Question

How do you solve for $x$ in $\cos \left( -100 \right)=\cos \left( 55 \right)\cos x+\sin \left( 55 \right)\sin x$?

Answer 1

We can easily contract the right hand side of the above equation as it is a trigonometric expansion. For this we need to use the trigonometric identity $\cos \left( A-B \right)=\cos A\cos B+\sin A\sin B$, by which the RHS will get reduced to a cosine term. The LHS is also a cosine term, so the equation obtained can be solved by using the general solution of $\cos \theta =\cos \alpha$ which is given by $\theta =2n\pi \pm \alpha$, $n\in Z$.

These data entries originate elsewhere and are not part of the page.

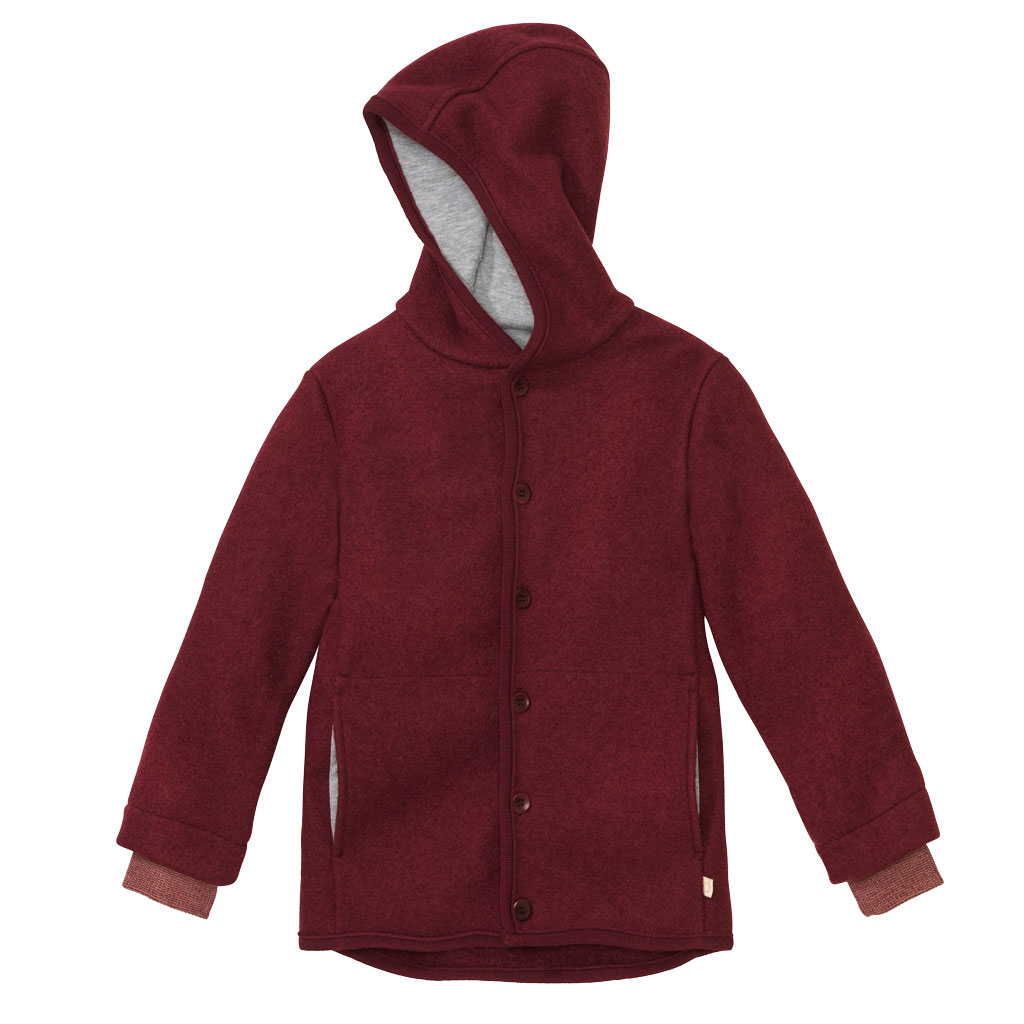 Walk-Jacke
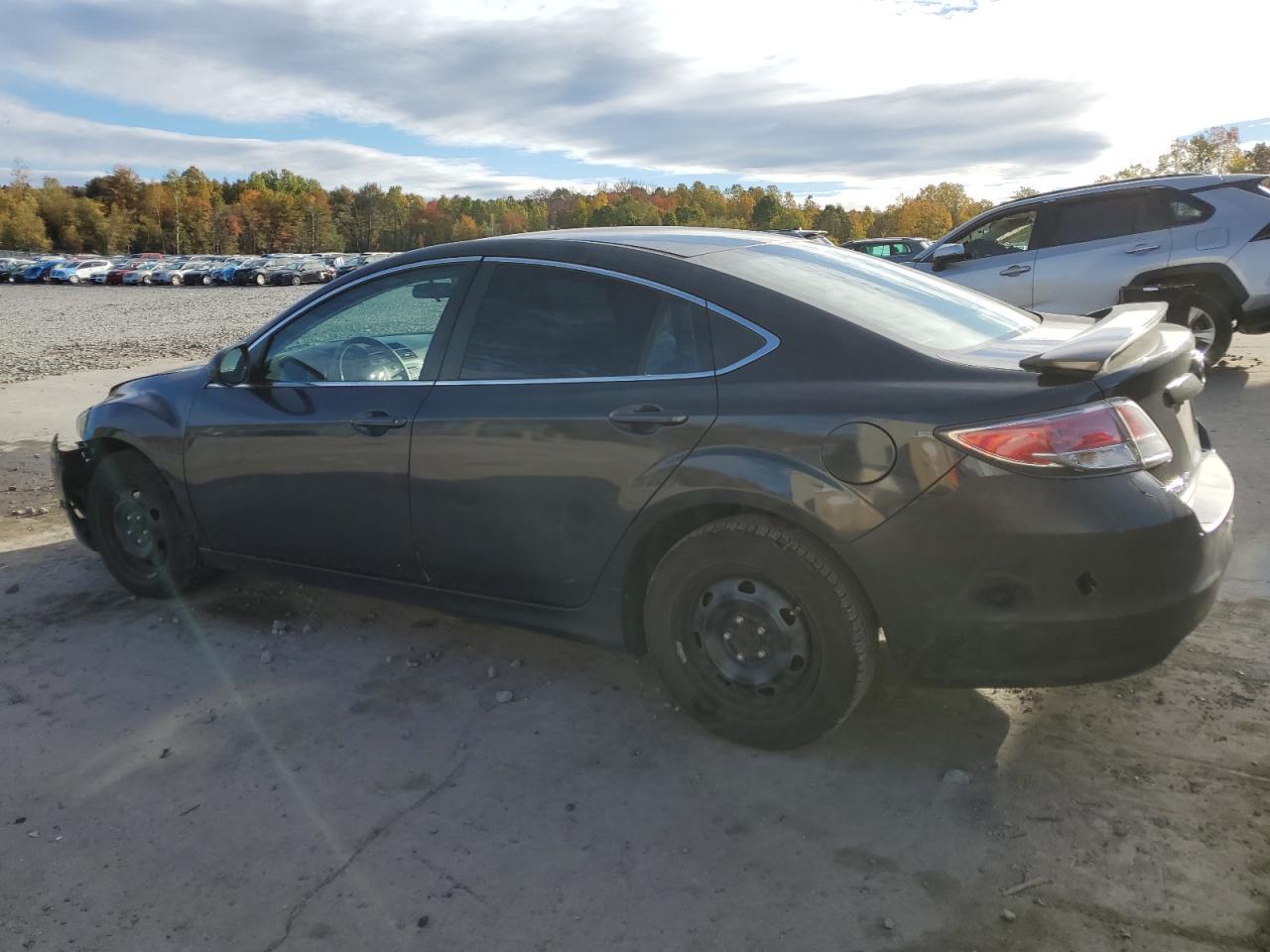 2012 Mazda 6 I - Image 2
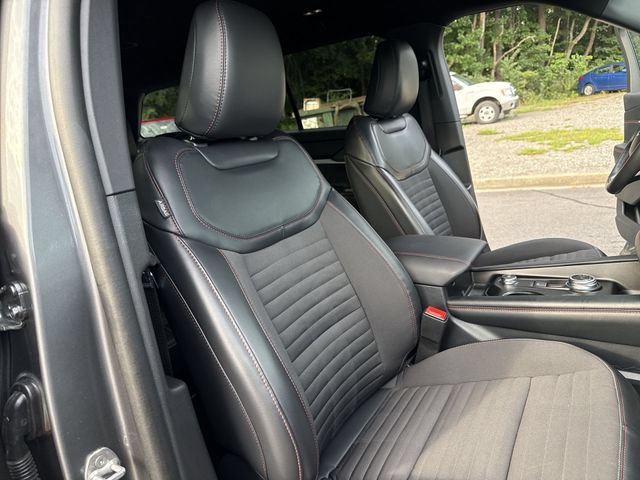 Certified 2026 Ford Explorer ST-Line AWD/4WD image 25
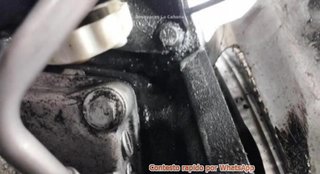 Skoda cabap22070807 bpz motor completo s Ref:50347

Complete step by step solution:
The equation given in the above question is
$\cos \left( -100 \right)=\cos \left( 55 \right)\cos x+\sin \left( 55 \right)\sin x$
We can see that in the right hand side of the above equation, a trigonometric expansion is written. So we can contract it to simplify the RHS of the above equation by using the trigonometric identity given by
$\begin{aligned} & \Rightarrow \cos \left( A-B \right)=\cos A\cos B+\sin A\sin B \\\ & \Rightarrow \cos A\cos B+\sin A\sin B=\cos \left( A-B \right) \\\ \end{aligned}$
Substituting $A=55$ and $B=x$ in the above identity, we get
$\Rightarrow \cos \left( 55 \right)\cos x+\sin \left( 55 \right)\sin x=\cos \left( 55-x \right)$
Substituting this in the given equation, we get
$\begin{aligned} & \Rightarrow \cos \left( -100 \right)=\cos \left( 55-x \right) \\\ & \Rightarrow \cos \left( 55-x \right)=\cos \left( -100 \right) \\\ & \Rightarrow \cos \left( -\left( x-55 \right) \right)=\cos \left( -100 \right) \\\ \end{aligned}$
Now, we know that $\cos \left( -A \right)=\cos A$. So the above equation can also be written as
$\Rightarrow \cos \left( x-55 \right)=\cos \left( 100 \right)$
Now, we know that the general solution of the equation $\cos \theta =\cos \alpha$ is given by $\theta =2n\pi \pm \alpha$. Where $n\in Z$. This means that the solution of the above equation can be given by
$\Rightarrow x-55=2n\pi \pm 100$
Adding $55$ on both the sides, we finally get the solution as
$\begin{aligned} & \Rightarrow x-55+55=2n\pi \pm 100+55 \\\ & \Rightarrow x=2n\pi \pm 155 \\\ \end{aligned}$
Hence, the solution of the given equation is $x=2n\pi \pm 155$, $n\in Z$.

Note:
We may be tempted to solve the equation $\cos \left( x-55 \right)=\cos \left( 100 \right)$, which is obtained in the above solution by equating the arguments of both the cosine terms. But that will give us only a single solution of the given equation. We must remember that since the trigonometric functions are periodic functions, infinitely many solutions of a trigonometric equation can exist. So the infinitely many solutions of a trigonometric equation are always written in terms of $n$, an arbitrary integer.